Friday, July 25, 2008

My Days - Wish vs. Have

How I wish my days went:

WISH:
- Wake up early
- Shower
- Get Curly Top Up
- Have breakfast together
- TV time for Curly Top while I straighten up and be able to do a bit of cleaning each day
- Head out for the day doing errands and going to do fun stuff with Curly Top
- Home to play, get some work done
- Make dinner for my family
- Reading time
- Bath
- Bedtime
- Straighten up from the day
- Do my own stuff that makes me happy

HAVE:
- Wake up really early to a totally disorganized and messy house
- Shower (if I am up early enough)
- Straighten up kitchen
- Make coffee
- Answer emails and take care of stuff for one of my 3 jobs (Office job, D's scheduling, RnT)
- Pack lunch (can't afford to buy lunch)
- Spend somewhere around an hour in beltway traffic getting to work
- Work while still trying to make appointments, take care of paying our bills, figuring out what needs to be done on the weekend cause I am in an office when any public buildings are open (post office, bank etc.)
- Try to connect for a bit with D over chat
- At least one phone call to D and Curly Top so she can at least hear my voice sometime during the 21 hours a day I don't see her
- Squeeze in response emails for jobs for D, along with setting his schedule, making arrangements for Curly Top, billing customers
- Do all the things that are required to run RnT, sneak in phone calls to potential people for events, work on website, search for things to make RnT better, worry about ticket sales, find ways to increase sales yadda yadda yadda
- Make sure I do enough at work to keep my job
- Pack it up and shut down the office
- Get in the car for at least an hour home in beltway traffic (on a good day)
- Half the time stop somewhere to pick up something on the way home ... milk, prescription dropped off earlier, gas ... something to make my time coming home longer
- Arrive home to house I still haven't cleaned
- Get to see a super excited Curly Top
- Head outside for some bubble time and running around the yard
- Take turns in the kitchen with D preparing dinner
- Try and straighted up something so I kid myself into believing I have made an effort
- All sit down to dinner
- Unload dishwasher from the morning and clean up all dinner stuff
- TV and reading time with Curly Top
- Try and get her to clean up some toys
- Bath time
- Bed time
- Log onto computer for more work on D's business, more RnT work, check my actual job email, start making a list of all the things that need to get done before going to bed
- Stay up usually till 1:00 AM working on all sorts of things none of which are my fun projects that I wish I were working on
- Clean up the rest of the toys
- Debate making coffee for the next morning and talk myself out of it cause I am too tired (regret it in the morning when there isn't coffee waiting for me - promise not to do that again but probably will)
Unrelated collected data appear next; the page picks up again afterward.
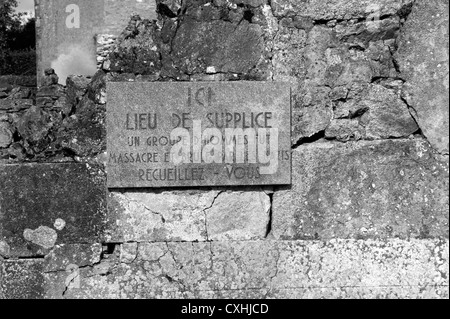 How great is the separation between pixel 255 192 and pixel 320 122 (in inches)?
20.1

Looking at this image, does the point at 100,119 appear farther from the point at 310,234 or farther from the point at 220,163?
the point at 310,234

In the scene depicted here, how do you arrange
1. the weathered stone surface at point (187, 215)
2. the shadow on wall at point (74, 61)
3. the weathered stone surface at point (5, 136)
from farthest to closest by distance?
the shadow on wall at point (74, 61)
the weathered stone surface at point (5, 136)
the weathered stone surface at point (187, 215)

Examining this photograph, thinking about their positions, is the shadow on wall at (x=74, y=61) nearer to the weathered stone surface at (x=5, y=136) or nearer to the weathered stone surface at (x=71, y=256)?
the weathered stone surface at (x=5, y=136)

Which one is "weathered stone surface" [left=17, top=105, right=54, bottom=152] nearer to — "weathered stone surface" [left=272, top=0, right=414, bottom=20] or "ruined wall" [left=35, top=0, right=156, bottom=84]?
"weathered stone surface" [left=272, top=0, right=414, bottom=20]

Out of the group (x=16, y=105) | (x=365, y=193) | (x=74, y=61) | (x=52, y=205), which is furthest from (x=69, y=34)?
(x=365, y=193)

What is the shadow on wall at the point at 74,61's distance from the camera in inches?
693

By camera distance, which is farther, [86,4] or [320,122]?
[86,4]

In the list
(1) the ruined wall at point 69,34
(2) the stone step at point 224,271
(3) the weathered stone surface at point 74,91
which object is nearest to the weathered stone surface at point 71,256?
(2) the stone step at point 224,271

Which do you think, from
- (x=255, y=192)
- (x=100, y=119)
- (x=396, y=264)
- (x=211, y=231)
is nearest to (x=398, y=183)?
(x=396, y=264)

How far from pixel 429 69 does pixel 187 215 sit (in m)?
1.48

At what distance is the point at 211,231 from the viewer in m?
4.08

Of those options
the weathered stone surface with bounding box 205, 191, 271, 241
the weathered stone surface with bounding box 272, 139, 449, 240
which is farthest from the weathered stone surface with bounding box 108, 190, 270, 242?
the weathered stone surface with bounding box 272, 139, 449, 240

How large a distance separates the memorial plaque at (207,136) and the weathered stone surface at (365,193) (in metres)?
0.15

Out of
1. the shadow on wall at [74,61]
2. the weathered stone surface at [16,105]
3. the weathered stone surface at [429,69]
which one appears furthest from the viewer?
the shadow on wall at [74,61] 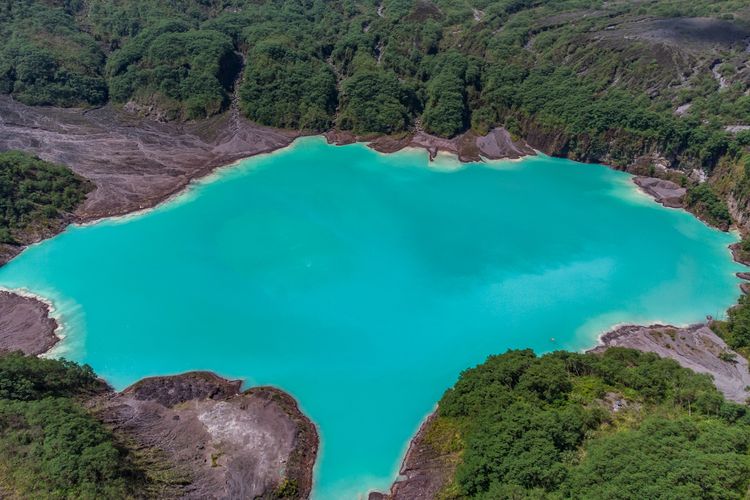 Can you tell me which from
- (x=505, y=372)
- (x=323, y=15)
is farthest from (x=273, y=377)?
(x=323, y=15)

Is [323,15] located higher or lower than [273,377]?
higher

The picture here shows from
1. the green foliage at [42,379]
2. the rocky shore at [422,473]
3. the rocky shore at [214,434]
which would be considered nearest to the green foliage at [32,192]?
Answer: the green foliage at [42,379]

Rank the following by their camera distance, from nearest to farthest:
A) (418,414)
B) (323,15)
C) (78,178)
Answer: (418,414)
(78,178)
(323,15)

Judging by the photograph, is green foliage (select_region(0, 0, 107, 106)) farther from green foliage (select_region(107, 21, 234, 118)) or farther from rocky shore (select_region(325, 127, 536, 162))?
rocky shore (select_region(325, 127, 536, 162))

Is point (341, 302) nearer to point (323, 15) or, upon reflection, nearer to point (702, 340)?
point (702, 340)

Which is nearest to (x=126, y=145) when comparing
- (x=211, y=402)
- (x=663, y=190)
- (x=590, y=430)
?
(x=211, y=402)

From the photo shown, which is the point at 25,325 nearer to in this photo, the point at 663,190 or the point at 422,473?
the point at 422,473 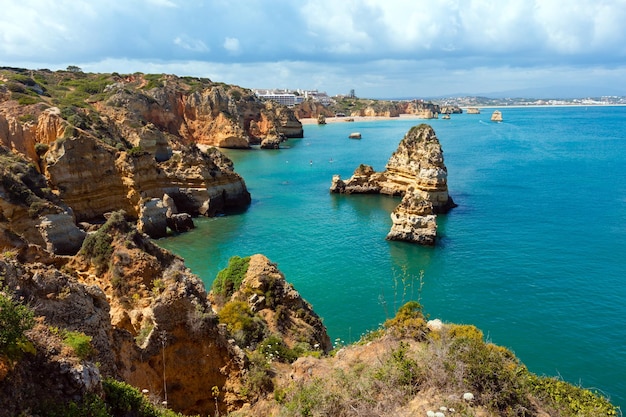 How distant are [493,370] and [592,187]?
5961 centimetres

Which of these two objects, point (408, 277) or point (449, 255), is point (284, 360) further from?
point (449, 255)

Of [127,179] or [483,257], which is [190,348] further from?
[127,179]

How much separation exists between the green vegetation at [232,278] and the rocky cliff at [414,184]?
2077 cm

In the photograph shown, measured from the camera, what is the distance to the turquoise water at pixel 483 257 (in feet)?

Then on the weekends I have to fit in:
- 7 loads of laundry
- 2 hours of putting away laundry
- make up for missing 105 hours with Curly Top during the week
- try and find something for the family to do at least one day during the weekend
- attempt to clean but usually get distracted from what needs to be done so I am back to waking up to a messy and dirty house Monday, Tuesday, Wednesday, Thursday, and Friday morning

Truthfully there is so much more but it is tiring me out thinking of it all ... especially being a Friday and getting ready to attempt the weekend stuff ...

How can what I want and what I have be so far away from each other?